By the end of November 1942 the respective military fortunes in North Africa had been reversed, with the British taking the initiative, and able to operate with relative freedom from Malta which was resupplied in December by STONEAGE, a convoy from Alexandria which made the voyage without mishap. In the last naval battle of the year, at Skerki Bank, off the coast of Tunisia, an entire Italian convoy of four ships, with an escort of three destroyers and a pair of torpedo boats, was wiped out. The merchantmen were carrying troops, ammunition, tanks and vehicles, and they were all sunk, killing some 2,000 Italians.
Between August 1942 and February 1943, at the height of the network’s activities, CHEESE sent an average of six messages a month on the topic of money, and received four or five from the Abwehr.

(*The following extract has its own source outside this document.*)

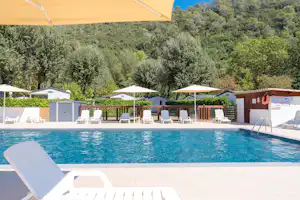 Schwimmbad mit Liegestühlen und Sonnenschirmen, im Hintergrund Bungalows und dicht bewachsene Hügel.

After much pressure the Abwehr agreed to CHEESE’S proposal, made on 25 September, to send a Greek merchant friend to Aleppo to collect his money, and the man travelled two days later on 27 September 1942. However, he returned empty-handed on 4 Oc
tober, claiming to have been scared by the execution a few days earlier of five German spies in Aleppo. This left CHEESE very disappointed, as did another scheme which was for an intended delivery by a native labourer between 10 and 15 October. Finally, CHEESE was informed on 7 December that his money had already reached Cairo and he was asked for a delivery address. He nominated a flat supposedly occupied by a friend of his Greek girlfriend, and was told to expect Hamel to drop off a packet or a milk bottle containing the cash. However, at the last moment the address was raided by the Egyptian police over an unrelated matter, so the plan was scuppered. This unexpected incident ‘electrified CHEESE’ and gave him ‘a severe attack of the jitters’ which he reported to his controller on 17 December, explaining that he had instructed his ‘amie’ to find a new and safer flat. Three days later he reported that the police raid had been ‘a domestic affair’ but that he had been ‘badly frightened’ by it. Nevertheless, on 15 January 1943 he was able to confirm that his ‘amie’ had acquired a suitable flat and ask that the courier be diverted to the new address. However, on 6 February the Abwehr report that it has been impossible to change the arrangements, so CHEESE reluctantly agreed to use the old address.
Interception of the Abwehr’s internal communications revealed the extent to which Athens shared CHEESE’S frustration. On 7 January 1943 Captain Rolf von der Marwitz, the naval attaché in Istanbul, was reported to have paid a large sum to a German agent in Egypt identified only as ARMEN. Then, on 25 January, CHEESE was asked for his girlfriend’s Christian name, which he supplied the next day. On 28 January Athens sent CHEESE more instructions about the delivery to the Rue Galal and suggested the password ‘El Hakim’. This prompted an exchange with Zähringer on 2 February who was ordered to acquire the girlfriend’s Christian name and to pass it on to headquarters so the delivery operation could proceed. In compliance, CHEESE identified Helene Cabri as an authorised recipient of his Abwehr consignment of cash, and described her as the tenant of a man named Kyriakides. Both, of course, were entirely imaginary.